# AIM OF THE TASK:
Once the line holding "Baby Girl The" is found in the listing below, write it out and each later line exactly, up to and including the one holding "Guarda-Roupa Casal Califa".

# EXERCISE INPUTS:

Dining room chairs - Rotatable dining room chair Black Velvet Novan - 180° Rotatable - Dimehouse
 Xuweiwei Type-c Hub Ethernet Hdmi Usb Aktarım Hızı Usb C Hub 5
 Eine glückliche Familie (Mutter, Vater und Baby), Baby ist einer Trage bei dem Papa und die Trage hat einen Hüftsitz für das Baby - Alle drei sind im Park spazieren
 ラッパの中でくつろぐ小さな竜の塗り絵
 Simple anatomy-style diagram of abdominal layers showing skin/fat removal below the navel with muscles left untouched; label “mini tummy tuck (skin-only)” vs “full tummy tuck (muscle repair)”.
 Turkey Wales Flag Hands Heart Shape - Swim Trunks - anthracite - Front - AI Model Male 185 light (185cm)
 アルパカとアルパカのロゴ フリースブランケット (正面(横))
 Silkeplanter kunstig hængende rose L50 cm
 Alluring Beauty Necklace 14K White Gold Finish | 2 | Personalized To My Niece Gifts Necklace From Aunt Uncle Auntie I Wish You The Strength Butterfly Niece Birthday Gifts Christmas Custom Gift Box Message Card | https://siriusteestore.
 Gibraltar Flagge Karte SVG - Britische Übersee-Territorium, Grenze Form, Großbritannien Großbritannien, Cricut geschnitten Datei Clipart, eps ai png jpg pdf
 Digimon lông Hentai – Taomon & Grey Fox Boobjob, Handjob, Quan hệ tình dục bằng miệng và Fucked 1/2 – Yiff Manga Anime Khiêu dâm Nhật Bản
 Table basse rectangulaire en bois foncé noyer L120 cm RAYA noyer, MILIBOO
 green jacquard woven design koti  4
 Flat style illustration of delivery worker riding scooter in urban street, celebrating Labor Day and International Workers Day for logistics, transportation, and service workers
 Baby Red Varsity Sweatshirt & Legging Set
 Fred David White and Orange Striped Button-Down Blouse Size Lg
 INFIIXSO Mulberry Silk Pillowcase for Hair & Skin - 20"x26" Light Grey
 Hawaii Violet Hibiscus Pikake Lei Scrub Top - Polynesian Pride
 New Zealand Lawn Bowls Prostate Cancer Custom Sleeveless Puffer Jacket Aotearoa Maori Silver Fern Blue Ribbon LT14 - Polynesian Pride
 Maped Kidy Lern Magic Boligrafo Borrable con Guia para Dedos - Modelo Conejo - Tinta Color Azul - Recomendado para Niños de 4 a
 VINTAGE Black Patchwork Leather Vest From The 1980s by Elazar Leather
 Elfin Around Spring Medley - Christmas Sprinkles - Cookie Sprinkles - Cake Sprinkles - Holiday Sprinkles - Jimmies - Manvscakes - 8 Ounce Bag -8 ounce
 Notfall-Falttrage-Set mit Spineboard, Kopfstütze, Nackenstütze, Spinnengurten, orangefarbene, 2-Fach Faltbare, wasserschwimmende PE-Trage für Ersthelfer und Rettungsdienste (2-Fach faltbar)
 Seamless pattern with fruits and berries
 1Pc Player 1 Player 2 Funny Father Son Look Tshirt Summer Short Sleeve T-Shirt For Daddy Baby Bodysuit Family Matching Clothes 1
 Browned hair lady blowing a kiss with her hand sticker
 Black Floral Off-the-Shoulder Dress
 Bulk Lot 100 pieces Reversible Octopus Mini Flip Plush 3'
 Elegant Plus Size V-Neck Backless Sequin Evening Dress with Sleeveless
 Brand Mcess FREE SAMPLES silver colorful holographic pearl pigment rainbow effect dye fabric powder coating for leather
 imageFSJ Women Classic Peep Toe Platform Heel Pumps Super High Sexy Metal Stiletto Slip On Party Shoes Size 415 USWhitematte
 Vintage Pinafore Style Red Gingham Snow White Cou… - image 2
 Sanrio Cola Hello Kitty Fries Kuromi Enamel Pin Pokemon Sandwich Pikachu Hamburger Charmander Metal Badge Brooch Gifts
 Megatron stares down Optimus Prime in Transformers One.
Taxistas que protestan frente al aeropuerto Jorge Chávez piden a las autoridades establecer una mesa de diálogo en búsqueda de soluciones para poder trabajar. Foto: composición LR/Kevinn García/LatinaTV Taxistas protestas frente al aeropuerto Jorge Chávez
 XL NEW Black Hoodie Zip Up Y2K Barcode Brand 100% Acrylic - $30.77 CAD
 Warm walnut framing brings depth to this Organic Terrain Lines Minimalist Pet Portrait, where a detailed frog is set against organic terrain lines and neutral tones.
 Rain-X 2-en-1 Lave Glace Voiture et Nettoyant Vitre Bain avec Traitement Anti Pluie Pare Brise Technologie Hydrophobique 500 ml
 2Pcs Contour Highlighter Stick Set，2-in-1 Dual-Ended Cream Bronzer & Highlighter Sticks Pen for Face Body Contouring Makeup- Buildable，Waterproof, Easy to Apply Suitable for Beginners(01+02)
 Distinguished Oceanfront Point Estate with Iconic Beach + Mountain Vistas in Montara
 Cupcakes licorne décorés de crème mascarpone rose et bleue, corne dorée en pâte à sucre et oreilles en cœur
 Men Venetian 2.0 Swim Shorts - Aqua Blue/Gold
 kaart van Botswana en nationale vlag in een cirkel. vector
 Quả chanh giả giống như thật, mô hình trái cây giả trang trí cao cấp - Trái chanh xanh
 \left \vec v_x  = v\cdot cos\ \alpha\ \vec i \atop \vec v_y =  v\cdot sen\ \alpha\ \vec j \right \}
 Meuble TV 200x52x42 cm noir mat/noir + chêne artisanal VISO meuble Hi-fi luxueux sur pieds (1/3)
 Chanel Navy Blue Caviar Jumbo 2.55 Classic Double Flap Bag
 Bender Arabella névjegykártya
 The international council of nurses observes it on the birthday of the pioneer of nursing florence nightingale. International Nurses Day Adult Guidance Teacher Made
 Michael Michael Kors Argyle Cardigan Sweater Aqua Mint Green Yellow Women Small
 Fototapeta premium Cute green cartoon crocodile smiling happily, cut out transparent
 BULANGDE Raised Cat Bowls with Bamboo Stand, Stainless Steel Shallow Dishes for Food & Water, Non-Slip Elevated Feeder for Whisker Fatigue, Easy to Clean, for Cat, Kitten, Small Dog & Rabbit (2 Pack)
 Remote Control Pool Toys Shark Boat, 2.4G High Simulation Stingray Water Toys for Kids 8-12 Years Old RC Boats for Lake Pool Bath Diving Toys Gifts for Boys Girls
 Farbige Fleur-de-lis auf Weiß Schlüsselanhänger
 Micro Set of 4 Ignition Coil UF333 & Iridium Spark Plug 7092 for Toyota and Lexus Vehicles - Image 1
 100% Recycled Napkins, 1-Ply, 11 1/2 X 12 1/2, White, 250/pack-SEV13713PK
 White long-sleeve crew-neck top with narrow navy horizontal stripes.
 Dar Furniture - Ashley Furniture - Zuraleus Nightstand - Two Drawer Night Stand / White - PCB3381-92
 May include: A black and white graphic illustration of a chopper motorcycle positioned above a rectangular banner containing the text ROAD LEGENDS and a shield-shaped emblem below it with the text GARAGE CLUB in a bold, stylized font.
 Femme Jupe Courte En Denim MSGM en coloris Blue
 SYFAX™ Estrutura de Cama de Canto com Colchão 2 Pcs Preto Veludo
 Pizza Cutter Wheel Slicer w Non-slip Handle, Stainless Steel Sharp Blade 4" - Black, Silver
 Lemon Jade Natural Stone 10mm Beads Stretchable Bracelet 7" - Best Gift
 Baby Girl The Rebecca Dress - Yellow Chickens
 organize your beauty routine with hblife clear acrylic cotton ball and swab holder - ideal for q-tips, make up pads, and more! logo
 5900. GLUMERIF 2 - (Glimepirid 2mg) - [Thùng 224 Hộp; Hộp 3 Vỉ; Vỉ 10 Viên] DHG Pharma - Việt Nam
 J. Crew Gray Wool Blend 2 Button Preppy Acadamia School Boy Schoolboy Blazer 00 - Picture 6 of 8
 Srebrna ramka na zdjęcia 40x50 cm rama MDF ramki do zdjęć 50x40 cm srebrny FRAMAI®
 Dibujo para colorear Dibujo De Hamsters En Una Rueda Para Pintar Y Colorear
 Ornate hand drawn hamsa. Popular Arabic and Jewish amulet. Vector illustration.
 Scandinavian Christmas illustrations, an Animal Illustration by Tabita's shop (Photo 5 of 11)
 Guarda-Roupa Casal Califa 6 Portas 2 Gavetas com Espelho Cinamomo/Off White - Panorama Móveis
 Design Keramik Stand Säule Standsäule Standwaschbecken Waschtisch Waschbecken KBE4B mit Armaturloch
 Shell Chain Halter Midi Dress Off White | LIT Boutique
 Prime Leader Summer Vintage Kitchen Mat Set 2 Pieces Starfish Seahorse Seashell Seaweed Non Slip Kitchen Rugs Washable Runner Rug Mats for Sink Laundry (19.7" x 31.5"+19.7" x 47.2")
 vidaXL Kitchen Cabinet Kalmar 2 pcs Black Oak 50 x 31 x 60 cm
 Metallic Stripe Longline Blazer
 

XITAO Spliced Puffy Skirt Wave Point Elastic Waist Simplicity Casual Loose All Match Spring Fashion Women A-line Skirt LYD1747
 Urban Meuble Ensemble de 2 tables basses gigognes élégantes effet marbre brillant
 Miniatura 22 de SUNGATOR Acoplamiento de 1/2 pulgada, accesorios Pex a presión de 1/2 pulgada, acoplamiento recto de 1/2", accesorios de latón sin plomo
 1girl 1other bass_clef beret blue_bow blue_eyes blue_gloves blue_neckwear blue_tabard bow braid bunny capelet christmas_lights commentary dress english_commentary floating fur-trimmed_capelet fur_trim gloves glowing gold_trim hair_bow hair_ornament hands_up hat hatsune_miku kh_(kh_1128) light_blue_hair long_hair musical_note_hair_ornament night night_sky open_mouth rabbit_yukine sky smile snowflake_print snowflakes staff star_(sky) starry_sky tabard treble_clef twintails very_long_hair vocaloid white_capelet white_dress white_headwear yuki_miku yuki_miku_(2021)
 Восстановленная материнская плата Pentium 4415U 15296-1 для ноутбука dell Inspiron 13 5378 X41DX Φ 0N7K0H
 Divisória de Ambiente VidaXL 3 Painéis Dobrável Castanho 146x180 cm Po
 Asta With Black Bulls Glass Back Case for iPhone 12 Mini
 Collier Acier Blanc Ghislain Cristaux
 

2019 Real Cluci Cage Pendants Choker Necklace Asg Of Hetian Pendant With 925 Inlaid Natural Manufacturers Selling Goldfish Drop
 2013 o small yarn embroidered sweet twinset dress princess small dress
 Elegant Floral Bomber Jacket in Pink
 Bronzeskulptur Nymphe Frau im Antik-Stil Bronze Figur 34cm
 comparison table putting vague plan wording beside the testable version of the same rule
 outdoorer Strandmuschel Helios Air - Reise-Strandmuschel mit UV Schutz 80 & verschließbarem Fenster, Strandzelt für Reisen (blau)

# SOLUTION BELOW:
 Baby Girl The Rebecca Dress - Yellow Chickens
 organize your beauty routine with hblife clear acrylic cotton ball and swab holder - ideal for q-tips, make up pads, and more! logo
 5900. GLUMERIF 2 - (Glimepirid 2mg) - [Thùng 224 Hộp; Hộp 3 Vỉ; Vỉ 10 Viên] DHG Pharma - Việt Nam
 J. Crew Gray Wool Blend 2 Button Preppy Acadamia School Boy Schoolboy Blazer 00 - Picture 6 of 8
 Srebrna ramka na zdjęcia 40x50 cm rama MDF ramki do zdjęć 50x40 cm srebrny FRAMAI®
 Dibujo para colorear Dibujo De Hamsters En Una Rueda Para Pintar Y Colorear
 Ornate hand drawn hamsa. Popular Arabic and Jewish amulet. Vector illustration.
 Scandinavian Christmas illustrations, an Animal Illustration by Tabita's shop (Photo 5 of 11)
 Guarda-Roupa Casal Califa 6 Portas 2 Gavetas com Espelho Cinamomo/Off White - Panorama Móveis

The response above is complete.